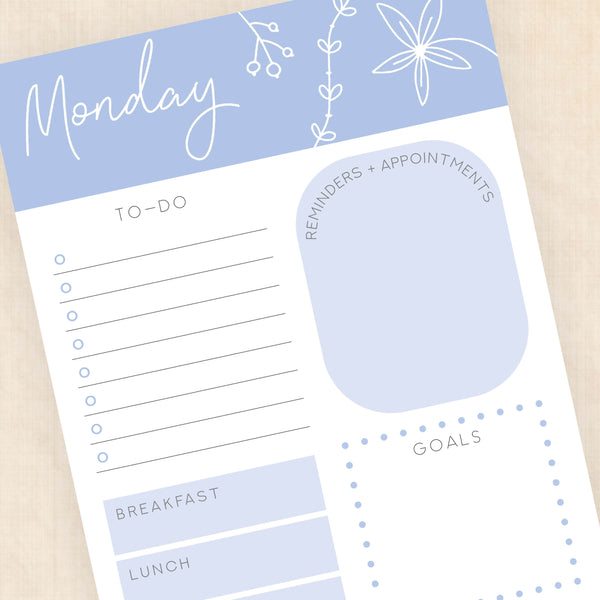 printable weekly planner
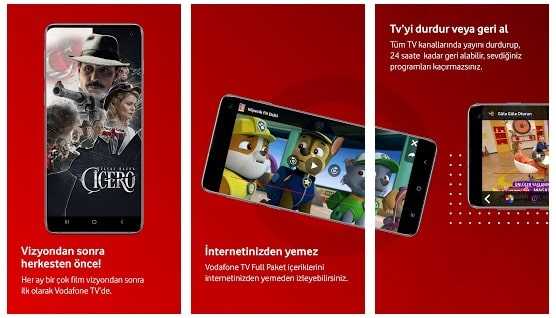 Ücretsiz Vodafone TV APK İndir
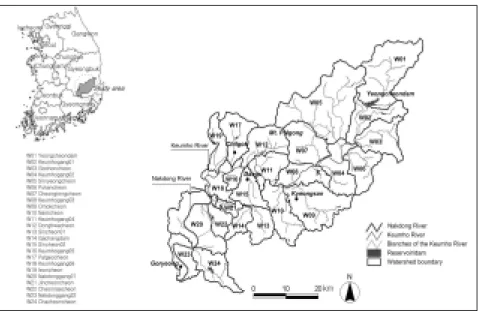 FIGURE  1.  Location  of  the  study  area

-------

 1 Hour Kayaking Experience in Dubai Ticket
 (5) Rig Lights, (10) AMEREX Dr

-------

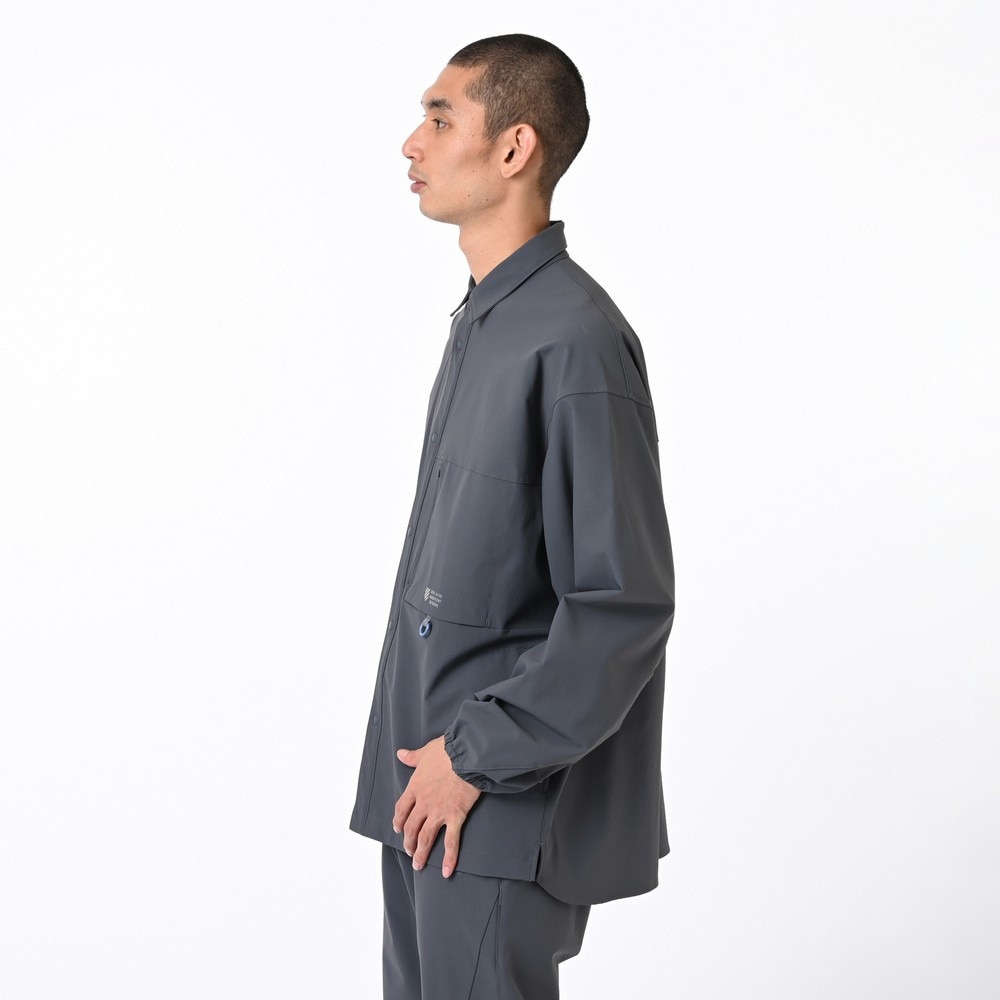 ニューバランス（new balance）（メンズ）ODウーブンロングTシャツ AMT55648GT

-------

• **Exercise objective**: Look back at the data above. Transcribe exactly the lines starting at the line that contains "1 Hour Kayaking Experience in Dubai Ticket" and ending at the line that contains "(5) Rig Lights, (10) AMEREX Dr".

• **Completed task**:
 1 Hour Kayaking Experience in Dubai Ticket
 (5) Rig Lights, (10) AMEREX Dr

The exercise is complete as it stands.